SOURCE MATERIAL:
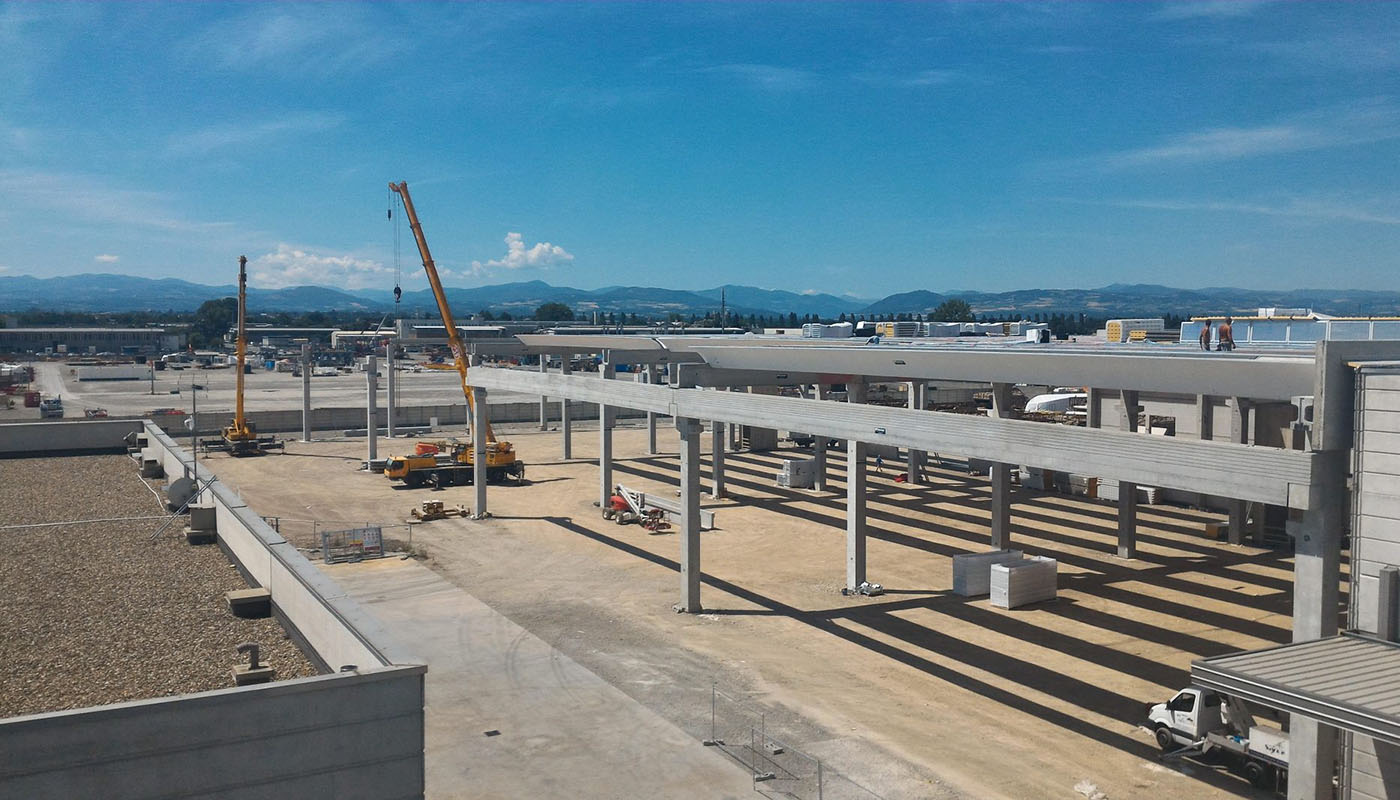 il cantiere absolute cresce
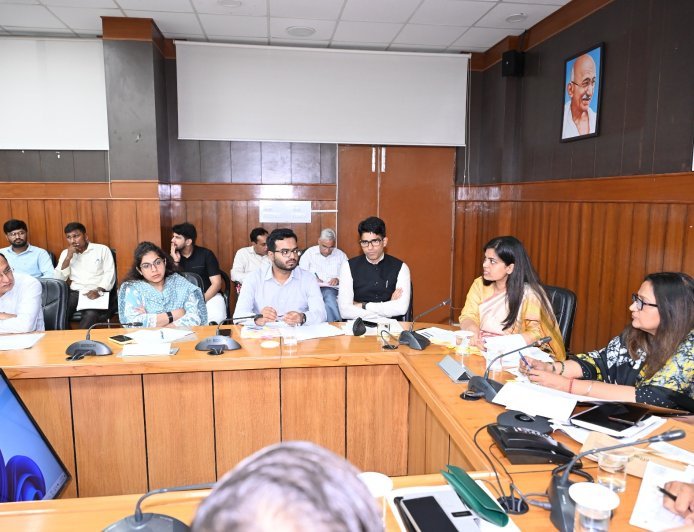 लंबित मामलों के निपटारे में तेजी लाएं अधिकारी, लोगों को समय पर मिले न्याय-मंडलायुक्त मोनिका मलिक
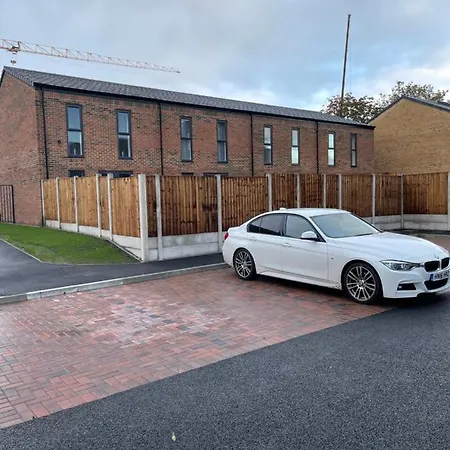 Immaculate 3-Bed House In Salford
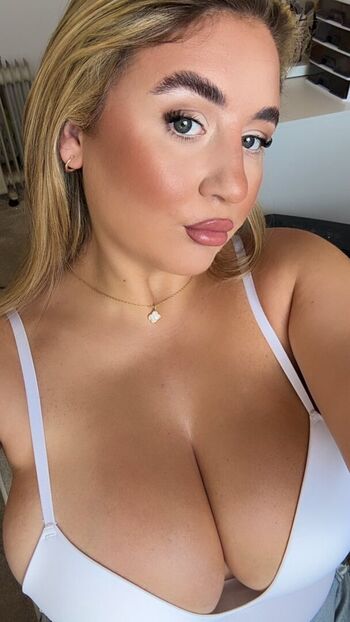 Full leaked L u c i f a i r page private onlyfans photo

TRY IT: Leaving out only the pictures, reproduce the listing exactly.

ANSWER TO THE EXERCISE:
 il cantiere absolute cresce
 लंबित मामलों के निपटारे में तेजी लाएं अधिकारी, लोगों को समय पर मिले न्याय-मंडलायुक्त मोनिका मलिक
 Immaculate 3-Bed House In Salford
 Full leaked L u c i f a i r page private onlyfans photo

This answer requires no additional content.